<<<<

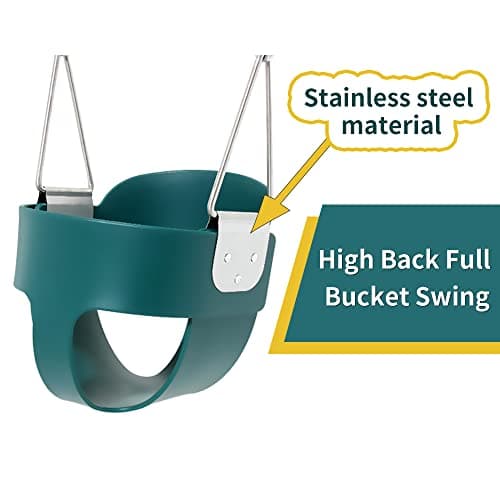 High Back Full Bucket Toddler Swing Seat with Yellow Coated Chains Fully Assembled Baby Swing Set Accessories 4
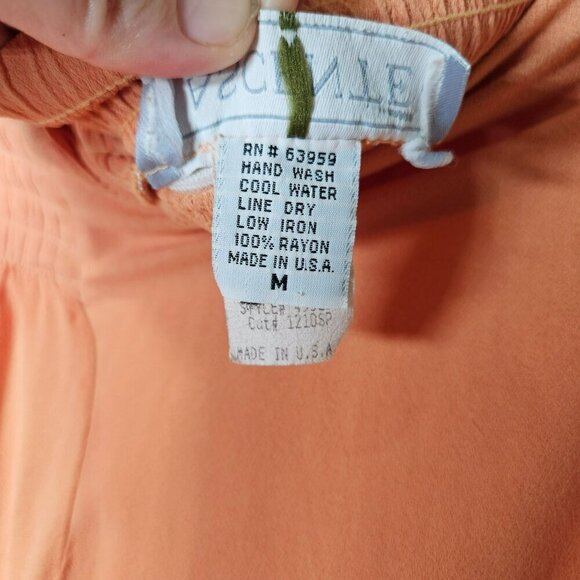 Ascente Peach Midi Skirt Wide Elastic Pleated Waist Rayon No Pockets Pull on‎ M - Picture 4 of 11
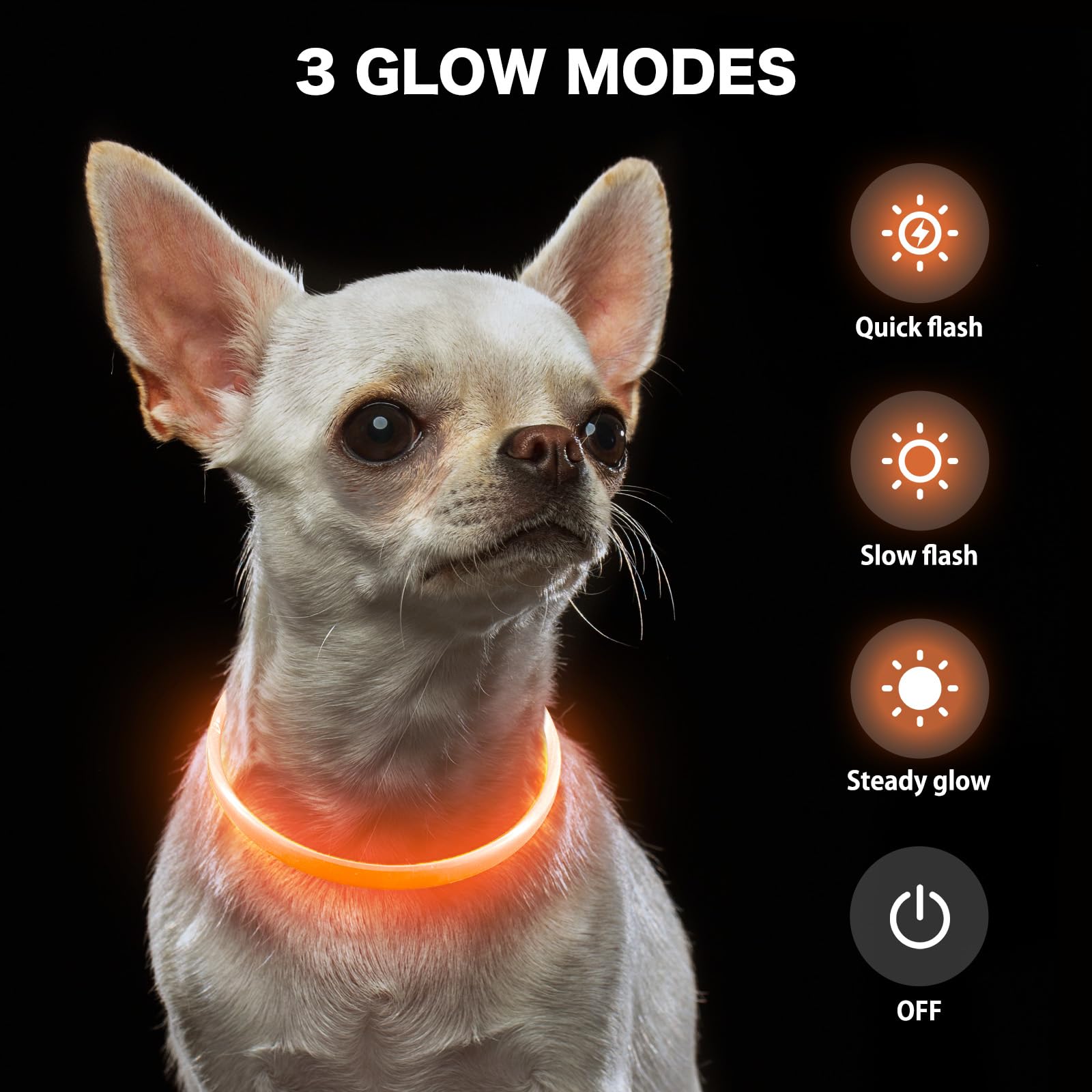 Bseen Light Up Dog Collar - Rainproof Led Dog Collar Rechargeable - Tpu Cuttable Glowing Pet Collar For Small Puppies& Cats, Saf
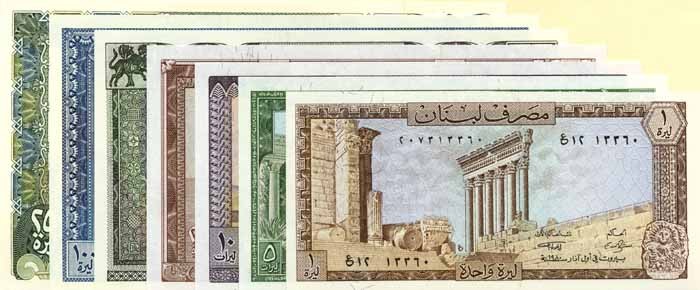 Lebanon - 1, 5, 10, 25, 50, 100, & 250 Livres - P-Set - 1980-88 dated Foreign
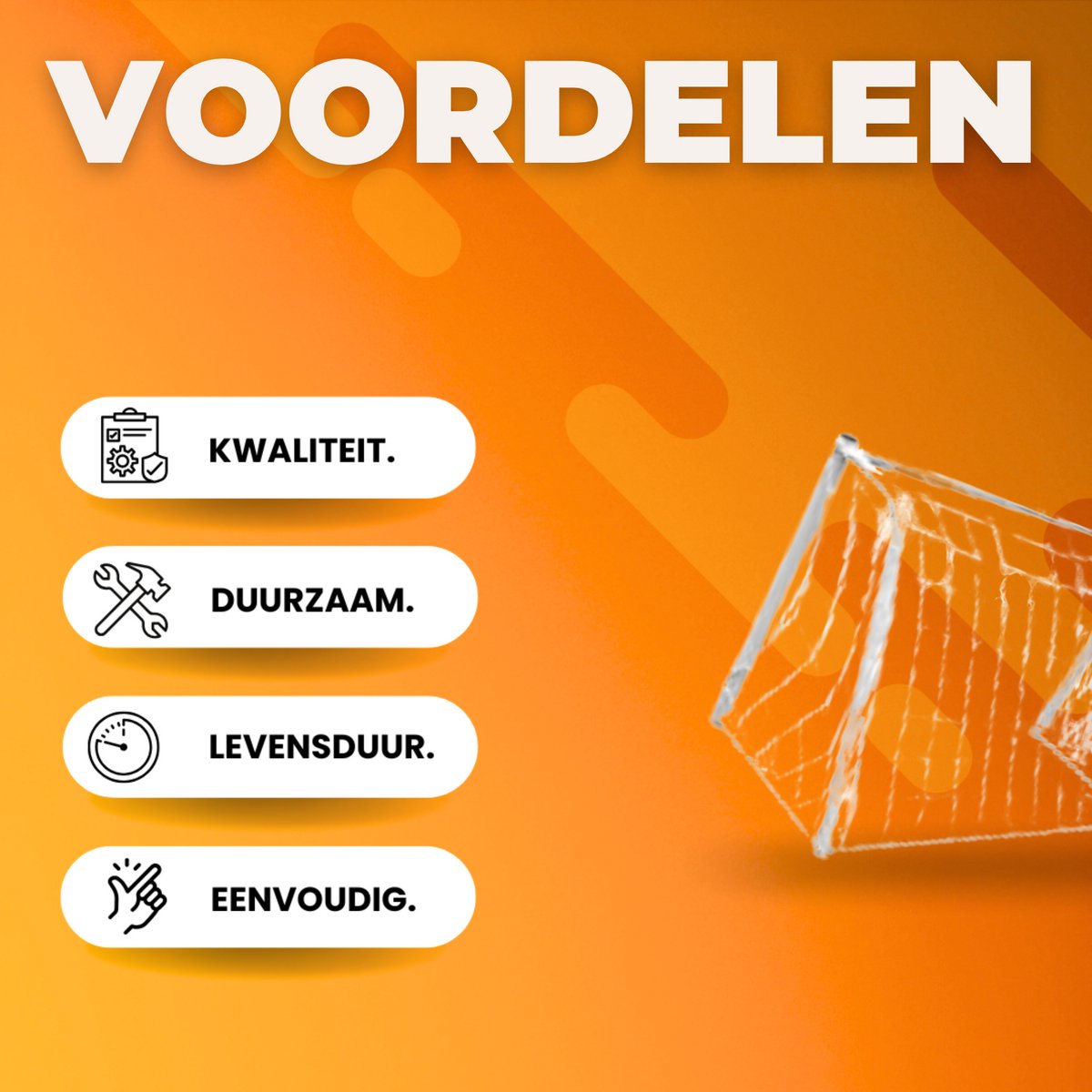 Voetbal Doelnet - Voetbalgoal - Voetbaldoel - Doelwand - Sociale Doelpalenet voor Sporttraining en Wedstrijden - Geschikt voor Volwassenen & Kinderen - 365×182×120 cm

>>>>

WHAT IS EXPECTED ▸ When you transcribe the entries above, keep every word exact and leave out the pictures.

YOUR SOLUTION ▸
 High Back Full Bucket Toddler Swing Seat with Yellow Coated Chains Fully Assembled Baby Swing Set Accessories 4
 Ascente Peach Midi Skirt Wide Elastic Pleated Waist Rayon No Pockets Pull on‎ M - Picture 4 of 11
 Bseen Light Up Dog Collar - Rainproof Led Dog Collar Rechargeable - Tpu Cuttable Glowing Pet Collar For Small Puppies& Cats, Saf
 Lebanon - 1, 5, 10, 25, 50, 100, & 250 Livres - P-Set - 1980-88 dated Foreign
 Voetbal Doelnet - Voetbalgoal - Voetbaldoel - Doelwand - Sociale Doelpalenet voor Sporttraining en Wedstrijden - Geschikt voor Volwassenen & Kinderen - 365×182×120 cm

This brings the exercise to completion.